Consider Your Life Situation
Many financial experts challenge the blanket statement that renting is a waste of money. “If [renting] provides you with a roof over your head and a place to live, all of us have to have that,” says Barnes. “So it’s definitely not a waste of money.” Taylor agrees, saying, “It all comes down to what you can afford and where you’re at in your life.” For someone who’s still saving for a down payment, or who’d rather let a landlord manage the upkeep of the property, renting is a great option. “Or maybe you’re exploring a new city or trying out how a new neighborhood feels,” Taylor says. Sometimes, the flexibility that renting affords you is more than enough to make up for what you’re paying in monthly costs, he explains.
Crunch Some Numbers
If your goal is to take the most cost-effective route, it’s important to compare all the numbers involved. In some cases, purchasing a home can save you money on your monthly expenses. “You may find that what you’ll pay on a monthly mortgage is less than what you’d pay in rent for a comparably priced space, even as you’re building equity,” Taylor says. However, that widely circulated argument that renting is throwing away money can also be applied to certain situations of homeownership. The return in the stock market on investment might be averaging at about 10% year over year, says financial expert Shang, host of the Money Confidential podcast. And the average annual growth in home prices might be 4% a year. “If I’m talking to an average person who’s considering putting money into the stock market versus trying to build equity slowly into a home, I just look at those two numbers, and I say that doesn’t match up,” Shang says. “You’re actually throwing away more money by buying that house.”
Determine Your Readiness to Own a Home
The vision of having your very own home can be a beautiful thing—but that vision doesn’t often include all the upkeep and expenses that come with it. “Owning a home comes with more than just the sticker price—things like property taxes, maintenance, and utilities add up,” Taylor says. If you’re not ready to be (or interested in being) solely responsible for all the upkeep of your home, then continuing to rent may be a better option for you. However, Taylor says, “there is something truly special about your own patch of dirt, being able to paint the walls or install a dog door, that has its own appeal.” If you’re ready to take on all the less-glamorous aspects that come with this dream, it might be time to think seriously about buying a home.
Assess Your Financial Standing
Once you’ve decided you’re ready to own a home, there are several steps to take. “Getting your finances in order should always be the first step in your home-buying journey, and it’s never too early to start,” Taylor says. Taylor recommends that you assess your financial standing: Are you secure in your job? Do you feel confident you’re in a position to continue earning a steady income? How’s your credit? Are you underwater on high-interest debt? While the answers to these questions won’t determine a definite answer to whether you’re ready to buy a home, they can provide a map for what you need to do to become more financially ready. Barnes also suggests calling in help from an expert like a mortgage lender, because they can provide you with a checklist and help you create a plan.
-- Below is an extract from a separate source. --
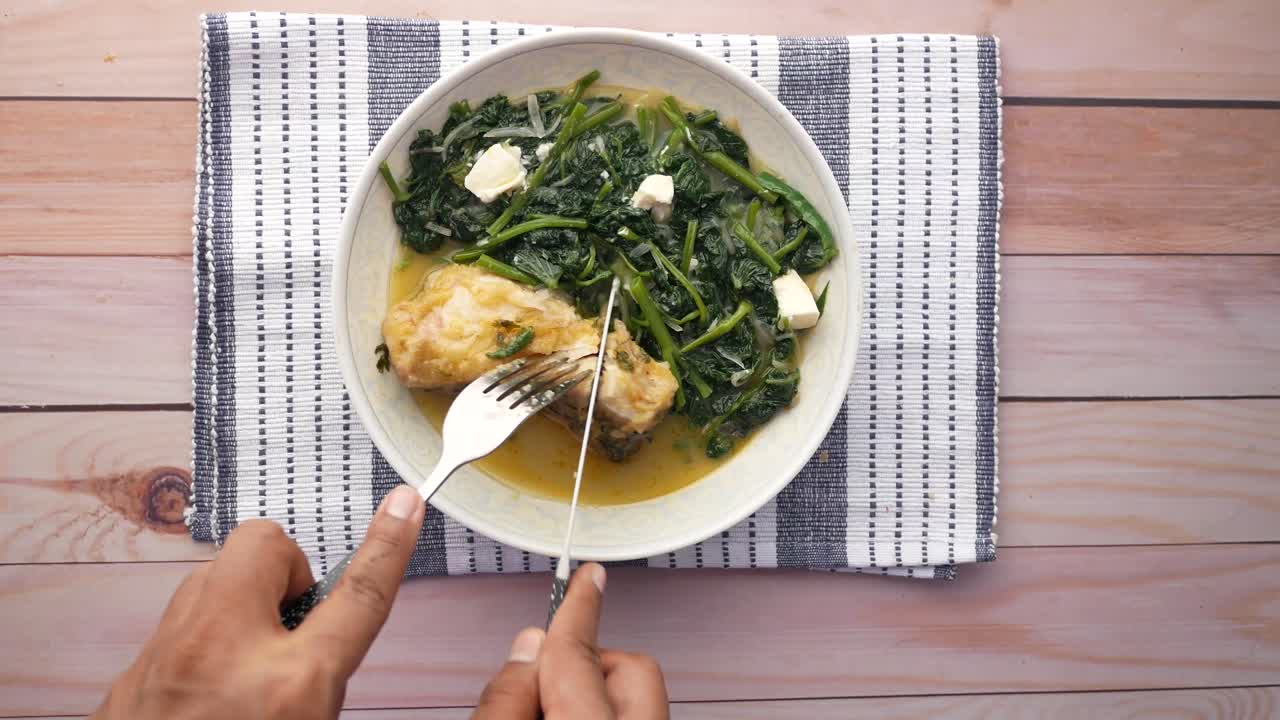 스파나치와 채소와 함께 생선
Take Your Location Into Account
Sometimes, you might be financially ready to own a home—just not in the place you’re currently living. For example, you may be more than able to afford a home in a state like Michigan, but the same (or less) amount of real estate could cost you twice as much in a city like New York or Los Angeles. Conversely, if you’re living in an area where the homes are out of your price range, you’ll have to consider whether the dream of owning a home is worth moving to a more affordable area, or if it’s more important to stay where you are and continue renting.
Explore Renting and Buying
Sometimes, you don’t have to pick just one option. If you’re financially ready to buy a home somewhere but aren’t ready to give up your renter lifestyle in a more expensive city, consider buying a property elsewhere and continuing to rent where you are. You can also invest in a home to rent it out, creating another income stream for yourself and building equity in a property, while also renting your own home. To Shang, buying a property to rent it out can offer a much better return on investment than simply buying a home to live in. “If you pull back, you look at the investing portfolios of people in much higher net worth stratospheres, the bulk of their net worth does not sit in homes that they live in, but it can be in real estate that they rent out,” she says on the podcast. “And that’s a key difference for me. I’ve come to learn that a home is an investment if I’m a landlord, but if it’s a home that I live in, there are so many costs on top.”
Determine Which Choice Might Set You Up for Future Success
One of the most common arguments for homeownership is the opportunity to build equity with your home. However, owning a home doesn’t always offer the best return on your money, so it’s important to be smart about your choices—not just follow the most popular trajectory. “There’s so much emphasis on [the ideas that] you’re not an adult until you’re independent and in your own home,” Shang says. “But I would also say adulting means being responsible with the money and assets that you have and being able to take care of your future self through your retirement plans, your retirement funds, [and more].” Shang continues, “If owning a home actually prevents you from taking care of your future self, then that’s not adulting, that’s digging yourself a hole that’s going to be very difficult to climb out of.”